(Image-caption web data)
-- Opening Marker --
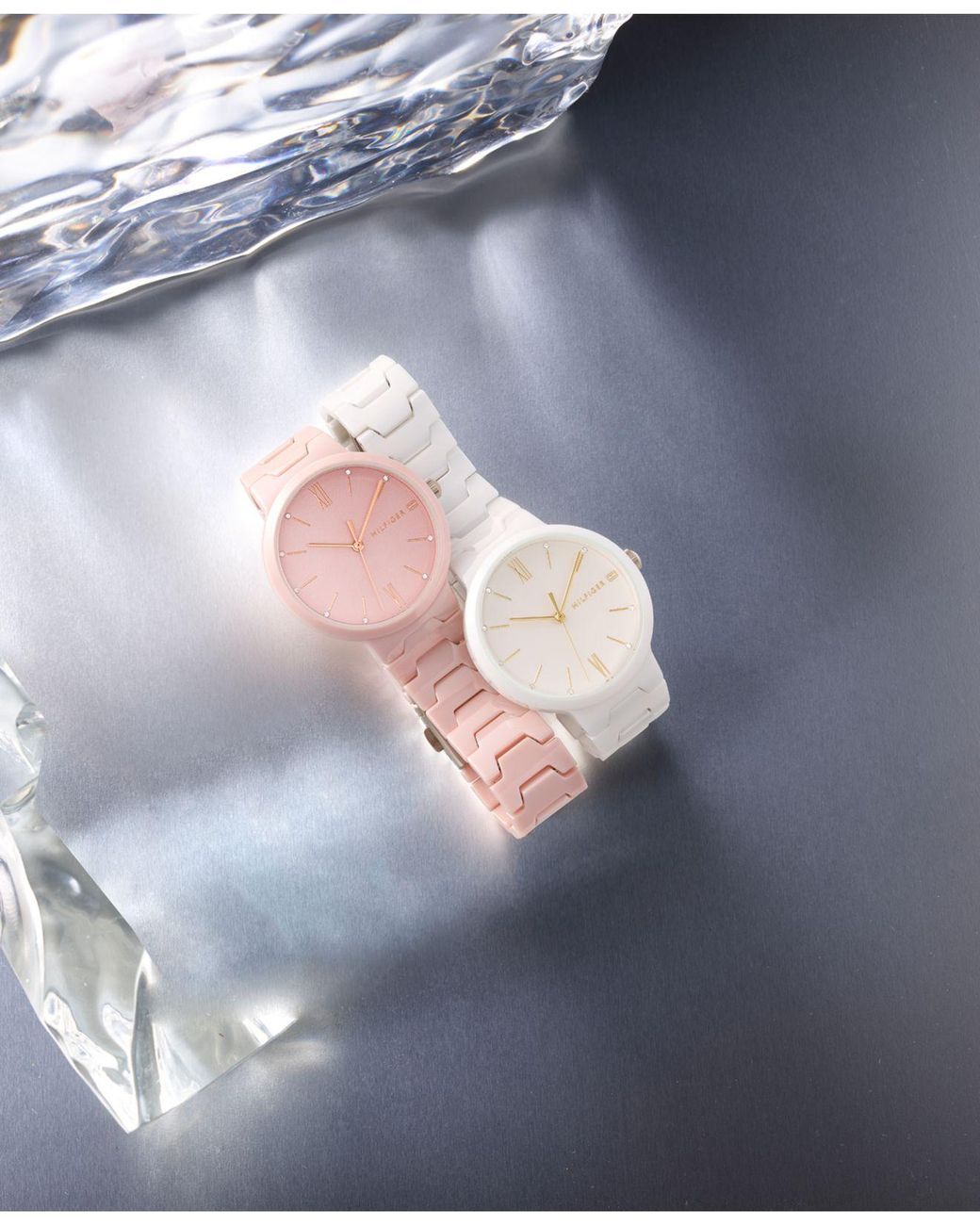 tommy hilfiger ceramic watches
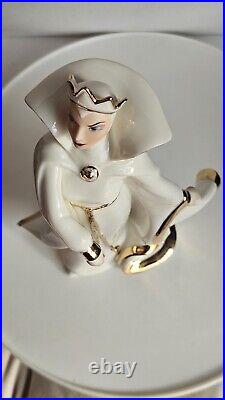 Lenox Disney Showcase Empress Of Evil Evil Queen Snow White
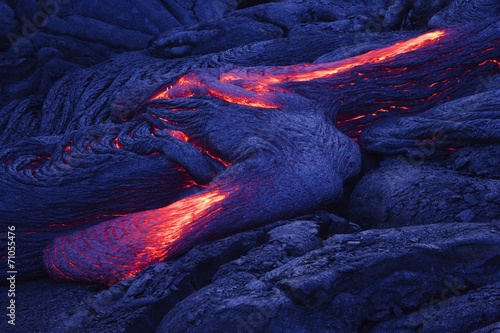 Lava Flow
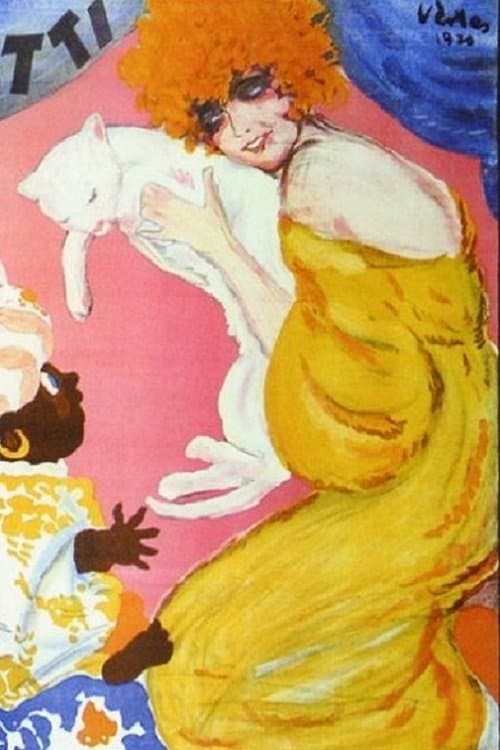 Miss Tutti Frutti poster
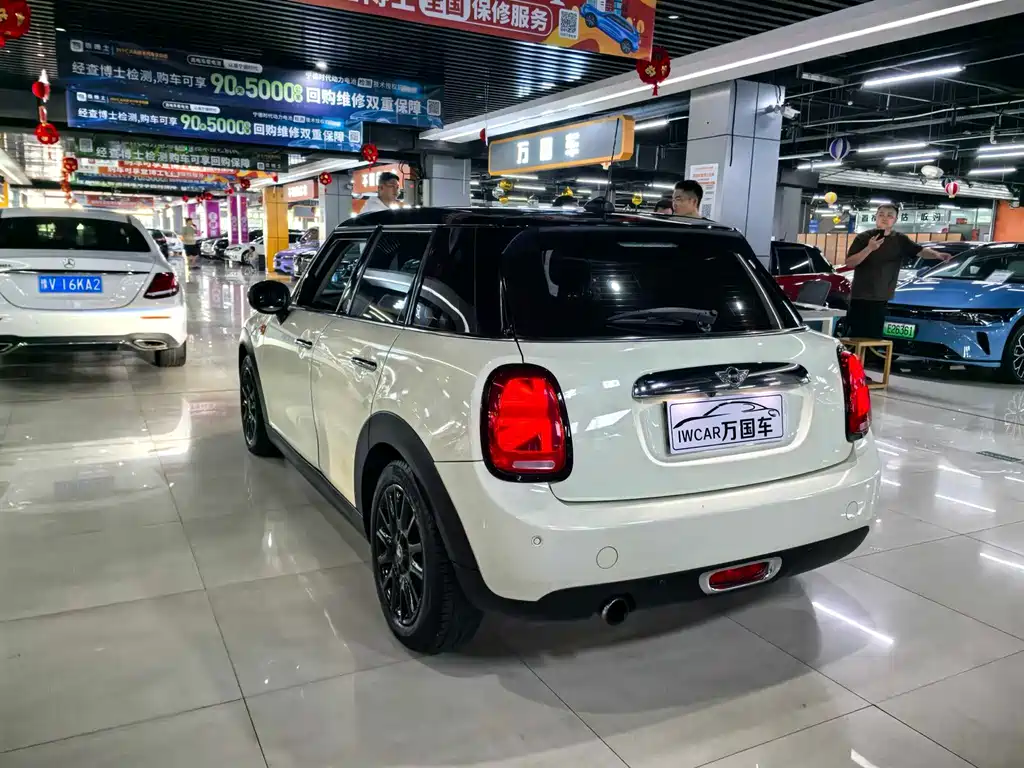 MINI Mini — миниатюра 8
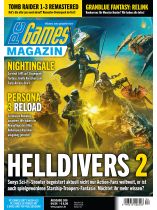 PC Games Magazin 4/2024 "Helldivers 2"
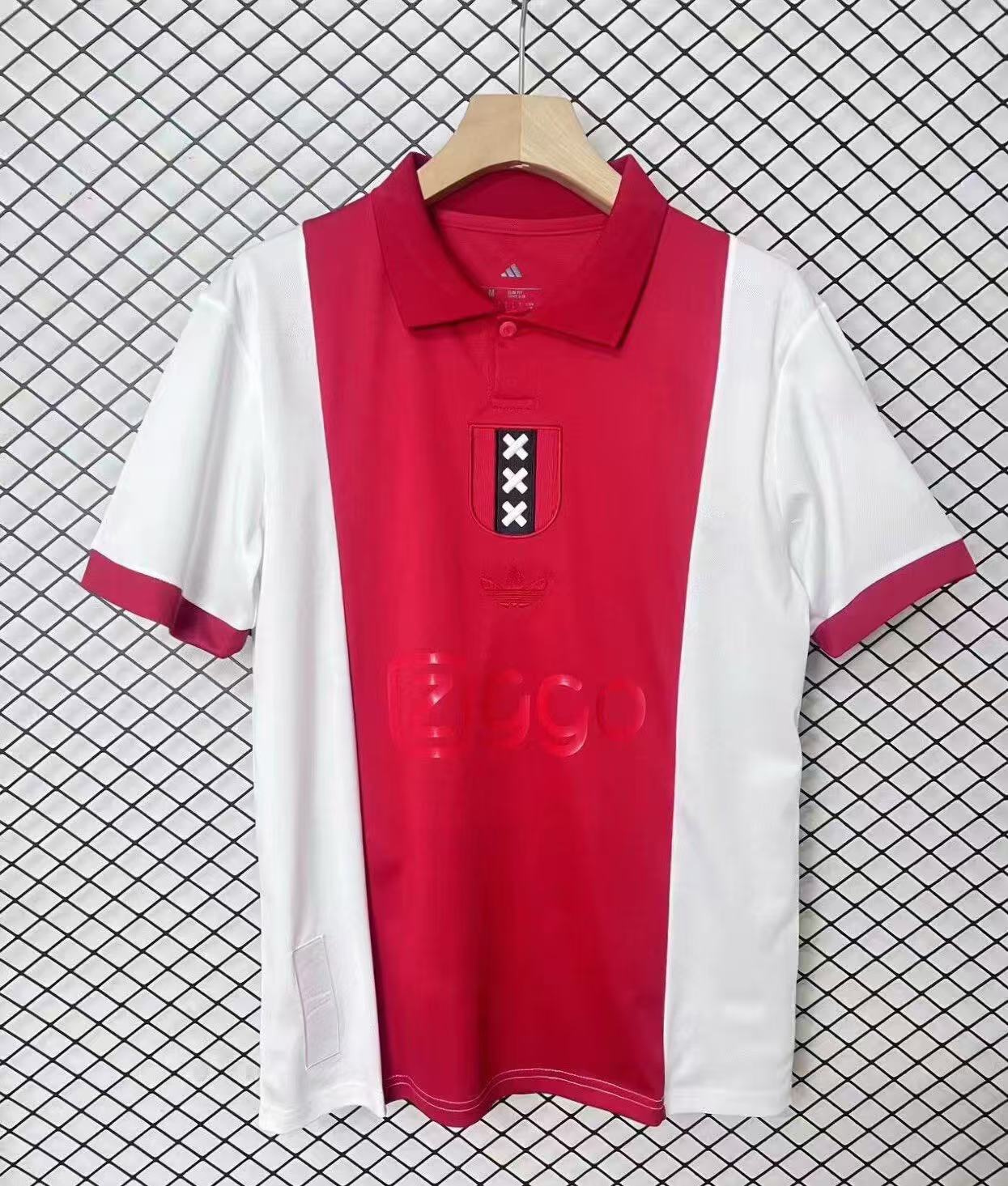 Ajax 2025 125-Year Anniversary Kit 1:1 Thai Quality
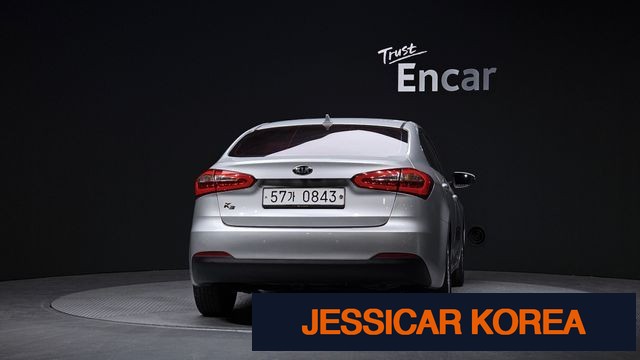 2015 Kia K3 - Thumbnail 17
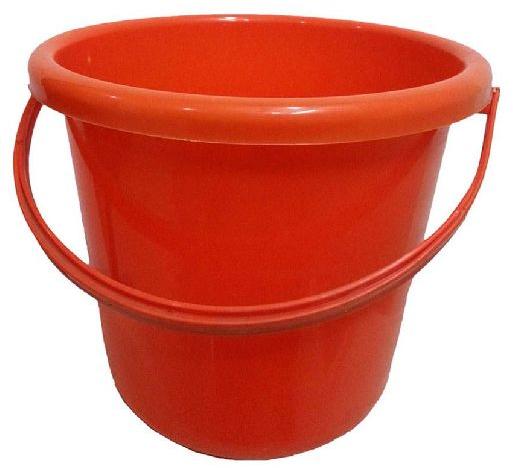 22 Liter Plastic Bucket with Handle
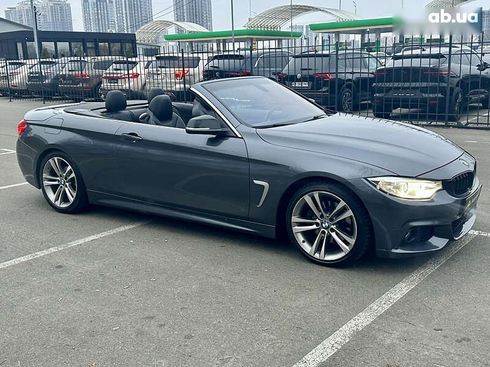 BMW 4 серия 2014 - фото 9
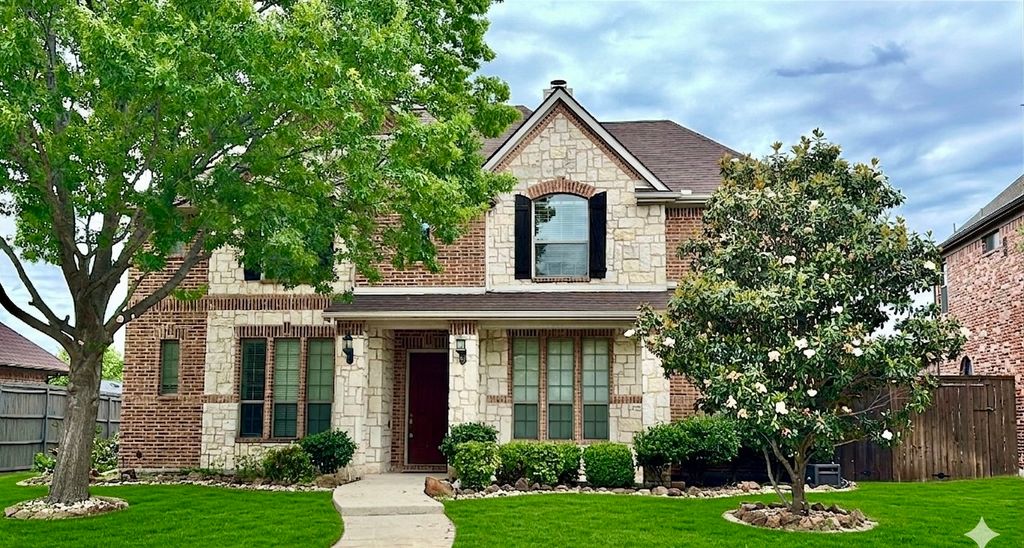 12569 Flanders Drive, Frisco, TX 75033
-- Closing Marker --
_INSTRUCTIONS FOR THE TASK:_
The required output is every line from the one containing "Ajax 2025 125-Year" through the last line of the data above, restated exactly and without pictures.

_SOLUTION TO THIS TASK:_
 Ajax 2025 125-Year Anniversary Kit 1:1 Thai Quality
 2015 Kia K3 - Thumbnail 17
 22 Liter Plastic Bucket with Handle
 BMW 4 серия 2014 - фото 9
 12569 Flanders Drive, Frisco, TX 75033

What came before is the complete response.